**WHAT IS EXPECTED**.
Each line below should be repeated exactly as it stands.

**Stored items from a collection**.
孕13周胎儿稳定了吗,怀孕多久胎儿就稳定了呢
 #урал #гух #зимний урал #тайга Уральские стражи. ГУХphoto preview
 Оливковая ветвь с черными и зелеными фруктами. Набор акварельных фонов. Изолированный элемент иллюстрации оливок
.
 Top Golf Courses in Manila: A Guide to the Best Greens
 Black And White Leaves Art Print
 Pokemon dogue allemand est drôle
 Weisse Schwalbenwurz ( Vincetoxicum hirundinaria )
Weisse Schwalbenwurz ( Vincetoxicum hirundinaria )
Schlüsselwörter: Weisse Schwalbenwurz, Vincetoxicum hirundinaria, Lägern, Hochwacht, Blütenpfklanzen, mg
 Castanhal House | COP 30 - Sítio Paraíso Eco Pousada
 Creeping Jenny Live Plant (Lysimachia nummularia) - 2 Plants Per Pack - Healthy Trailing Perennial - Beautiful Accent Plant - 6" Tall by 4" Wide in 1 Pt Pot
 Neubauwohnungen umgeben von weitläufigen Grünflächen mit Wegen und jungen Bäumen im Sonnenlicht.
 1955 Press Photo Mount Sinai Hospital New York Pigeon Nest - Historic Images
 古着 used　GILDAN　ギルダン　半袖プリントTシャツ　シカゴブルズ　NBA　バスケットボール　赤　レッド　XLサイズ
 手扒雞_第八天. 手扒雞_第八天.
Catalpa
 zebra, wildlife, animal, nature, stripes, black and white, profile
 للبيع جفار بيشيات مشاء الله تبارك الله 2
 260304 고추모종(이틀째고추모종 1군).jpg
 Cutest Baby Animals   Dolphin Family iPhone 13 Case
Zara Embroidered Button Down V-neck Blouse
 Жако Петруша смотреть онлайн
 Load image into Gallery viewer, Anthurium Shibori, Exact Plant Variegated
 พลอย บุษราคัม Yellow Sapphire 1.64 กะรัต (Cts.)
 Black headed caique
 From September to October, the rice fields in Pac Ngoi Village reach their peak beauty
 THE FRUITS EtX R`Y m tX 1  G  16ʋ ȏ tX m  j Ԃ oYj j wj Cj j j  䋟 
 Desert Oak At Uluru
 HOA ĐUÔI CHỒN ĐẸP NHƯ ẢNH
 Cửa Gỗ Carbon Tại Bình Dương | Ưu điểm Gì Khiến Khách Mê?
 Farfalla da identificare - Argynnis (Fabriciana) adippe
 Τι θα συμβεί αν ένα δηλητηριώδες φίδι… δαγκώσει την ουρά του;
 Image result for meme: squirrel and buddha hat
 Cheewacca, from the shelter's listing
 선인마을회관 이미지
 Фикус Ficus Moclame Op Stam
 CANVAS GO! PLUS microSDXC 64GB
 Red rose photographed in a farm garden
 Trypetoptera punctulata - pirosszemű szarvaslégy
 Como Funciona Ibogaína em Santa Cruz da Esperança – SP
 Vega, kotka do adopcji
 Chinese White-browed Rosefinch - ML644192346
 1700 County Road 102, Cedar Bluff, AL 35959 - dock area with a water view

**RESPONSE AREA**.
孕13周胎儿稳定了吗,怀孕多久胎儿就稳定了呢
 #урал #гух #зимний урал #тайга Уральские стражи. ГУХphoto preview
 Оливковая ветвь с черными и зелеными фруктами. Набор акварельных фонов. Изолированный элемент иллюстрации оливок
.
 Top Golf Courses in Manila: A Guide to the Best Greens
 Black And White Leaves Art Print
 Pokemon dogue allemand est drôle
 Weisse Schwalbenwurz ( Vincetoxicum hirundinaria )
Weisse Schwalbenwurz ( Vincetoxicum hirundinaria )
Schlüsselwörter: Weisse Schwalbenwurz, Vincetoxicum hirundinaria, Lägern, Hochwacht, Blütenpfklanzen, mg
 Castanhal House | COP 30 - Sítio Paraíso Eco Pousada
 Creeping Jenny Live Plant (Lysimachia nummularia) - 2 Plants Per Pack - Healthy Trailing Perennial - Beautiful Accent Plant - 6" Tall by 4" Wide in 1 Pt Pot
 Neubauwohnungen umgeben von weitläufigen Grünflächen mit Wegen und jungen Bäumen im Sonnenlicht.
 1955 Press Photo Mount Sinai Hospital New York Pigeon Nest - Historic Images
 古着 used　GILDAN　ギルダン　半袖プリントTシャツ　シカゴブルズ　NBA　バスケットボール　赤　レッド　XLサイズ
 手扒雞_第八天. 手扒雞_第八天.
Catalpa
 zebra, wildlife, animal, nature, stripes, black and white, profile
 للبيع جفار بيشيات مشاء الله تبارك الله 2
 260304 고추모종(이틀째고추모종 1군).jpg
 Cutest Baby Animals   Dolphin Family iPhone 13 Case
Zara Embroidered Button Down V-neck Blouse
 Жако Петруша смотреть онлайн
 Load image into Gallery viewer, Anthurium Shibori, Exact Plant Variegated
 พลอย บุษราคัม Yellow Sapphire 1.64 กะรัต (Cts.)
 Black headed caique
 From September to October, the rice fields in Pac Ngoi Village reach their peak beauty
 THE FRUITS EtX R`Y m tX 1  G  16ʋ ȏ tX m  j Ԃ oYj j wj Cj j j  䋟 
 Desert Oak At Uluru
 HOA ĐUÔI CHỒN ĐẸP NHƯ ẢNH
 Cửa Gỗ Carbon Tại Bình Dương | Ưu điểm Gì Khiến Khách Mê?
 Farfalla da identificare - Argynnis (Fabriciana) adippe
 Τι θα συμβεί αν ένα δηλητηριώδες φίδι… δαγκώσει την ουρά του;
 Image result for meme: squirrel and buddha hat
 Cheewacca, from the shelter's listing
 선인마을회관 이미지
 Фикус Ficus Moclame Op Stam
 CANVAS GO! PLUS microSDXC 64GB
 Red rose photographed in a farm garden
 Trypetoptera punctulata - pirosszemű szarvaslégy
 Como Funciona Ibogaína em Santa Cruz da Esperança – SP
 Vega, kotka do adopcji
 Chinese White-browed Rosefinch - ML644192346
 1700 County Road 102, Cedar Bluff, AL 35959 - dock area with a water view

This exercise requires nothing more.